Se puede estar a favor o en contra de lo que, más o menos difusamente, se considera “la izquierda”, desde el marxismo estalinista hasta la socialdemocracia más suave. Pero esa no es la cuestión del momento. La gran pregunta que cada vez más voces se atreven a lanzar es: ¿en qué basa esa ideología woke la superioridad moral que utiliza para autoerigirse en hegemónica dentro de la izquierda? Si el feminismo radical es algo así como la tropa de élite de esta ideología, parece lógico que protagonice la batalla más cruenta dentro de la izquierda.  

A sus 74 años, Amalia Valcárcel es un icono del feminismo y una figura de la izquierda hegemónica hace unos años. Asidua firmante de El País, coincidiendo con el 41 Congreso del PSOE del mes pasado publicó una curiosa tribuna en El Mundo titulada “Q+: las siglas que suplantan la igualdad por la proliferación de identidades”. En ella, volvía a criticar a quienes pretendían añadir a la lista de las identidades sexuales merecedoras de protección el concepto de Queer + (según sus seguidores, personas que no entran dentro de la cisheteronormatividad y quieren vivir libremente sin etiquetas). Valcárcel dejaba muy claro que el asunto quedó cerrado en el anterior congreso del PSOE: las letras que valen son las de LGTBI (lesbianas, gais, transexuales e intersexuales). Ni una más. 
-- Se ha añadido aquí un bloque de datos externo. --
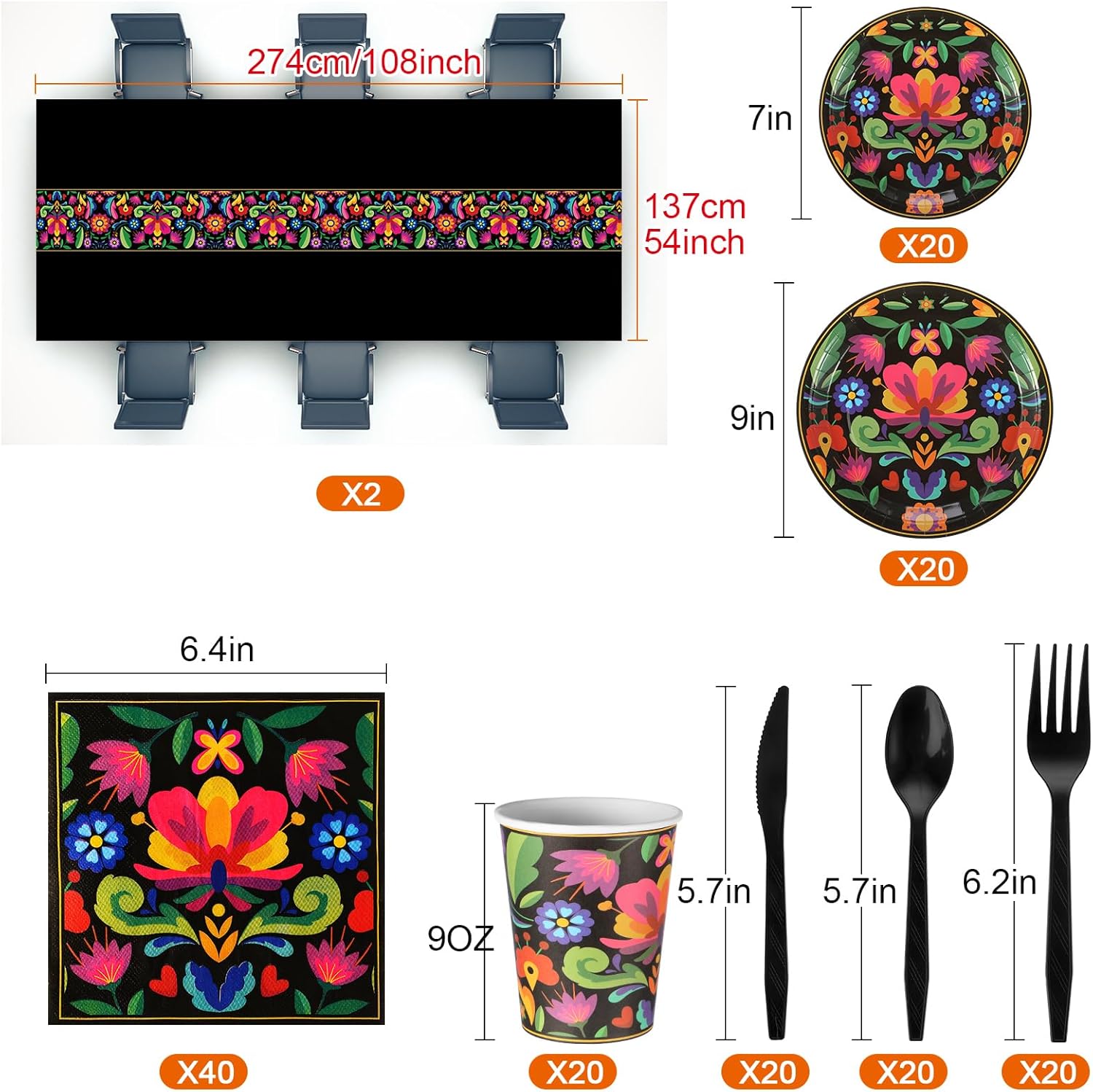 Oudain 162 Pcs Mexican Party Decorations 2 Mexican Serape Tablecloths Dia De Los Muertos Rectangular Mexio Party Plates Serape Napkins Fiesta Theme Dinnerware Set (Fiesta)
Pero lo verdaderamente interesante era el arranque del artículo: “Escribió Thomas de Quincey que ‘si uno empieza por permitirse un asesinato, pronto no le da importancia a robar, del robo pasa a la bebida y a la inobservancia del día del Señor, y se acaba por faltar a la buena educación y por dejar las cosas para el día siguiente’. ¿Qué sucede cuando una minoría voraz comienza una huida irresponsable o definitivamente peligrosa sólo porque su único fin es mantener el privilegio de que disfruta?” Una acusación muy grave que conecta con el caso de los linchamientos del “hermana, yo te creo” en su mismo núcleo. ¿Cómo ha llegado esa minoría a acumular tanto poder en nuestras sociedades como para guillotinar públicamente a sus víctimas propiciatorias sin tener que dar explicaciones a nadie? ¿Quién se lo ha permitido y por qué? ¿De quién dependía el ministerio de Igualdad de Elena Montero? Pues ya está.